Over the past few years, resistance to the rightward shift in the political discourse as well as in economic policy has been pronounced in several cases where these outfits have been in the forefront. Medha Patkar and the Narmada Bachao Andolan (as well as several such resistance movements to displacement) had managed to build a popular movement involving several thousand ordinary people at a time when even the Left parties (with their strong and well-knit trade union organisation) have been forced to restrict their agenda to mere symbolic actions against the establishment.
Such movements, be they the resistance to displacement in the Narmada Valley or the struggle against the mining activities in Jaduguda or against the setting up of production units that are bound to affect the environment adversely in many parts of the country, are, however, finding it difficult to take on the mighty establishment. The forces of status quo, after all, are not restricted to one political party or combine but are spread across civil society.
The status quoists have even managed to distort the agenda of some such groups (particularly where the NGOs concerned are unapologetic about their source of funds) in such a manner that even sections that mean well turn out to be articulate apologists of the development paradigm opted for by the establishment. These NGOs, which merely serve as centres for disbursement of funds from the international institutions and donor agencies from the West and also provide attractive employment opportunities to the elite, do not fit into the category of new social movement in any sense.
The new social movements were the response of a whole generation of young men and women, whose transition from adolescence to youth happened to take shape when political parties and platforms were being reduced to mere instruments of self-preservation by their leaders, and, even where the distortions were not as bad — the mainstream Left for instance — the leaders were united in resisting any critical evaluation and free thinking.

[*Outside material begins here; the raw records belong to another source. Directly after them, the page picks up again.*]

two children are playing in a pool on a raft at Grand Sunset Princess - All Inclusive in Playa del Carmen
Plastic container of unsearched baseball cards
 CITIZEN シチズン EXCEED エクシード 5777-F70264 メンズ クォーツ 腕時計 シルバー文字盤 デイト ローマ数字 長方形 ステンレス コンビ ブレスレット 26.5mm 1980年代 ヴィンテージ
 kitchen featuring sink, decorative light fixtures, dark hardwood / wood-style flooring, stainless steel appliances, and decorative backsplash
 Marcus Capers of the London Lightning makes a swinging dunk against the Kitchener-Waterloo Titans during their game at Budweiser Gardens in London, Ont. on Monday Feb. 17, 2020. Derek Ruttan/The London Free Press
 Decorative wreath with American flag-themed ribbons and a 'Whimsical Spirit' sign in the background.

This was true not just in India but across the world.
In India, the new social movements came from the spark from Naxalbari in 1967 followed by the anti-establishment protests across university campuses in the Nav-nirman Andolan in Gujarat or the call for Total Revolution by Jayaprakash Narayan and in the symbolic but determined acts of protest by youth and students immediately after Indira Gandhi announced suspension of democratic rights on June 25, 1975. A new generation that was coming of age in the universities, exposed as it was to Sartre, Camus and such other existentialist thinkers, was drawn into a mould where it considered the question of development not just as a statistical concern but as linked to human rights and the right to livelihood.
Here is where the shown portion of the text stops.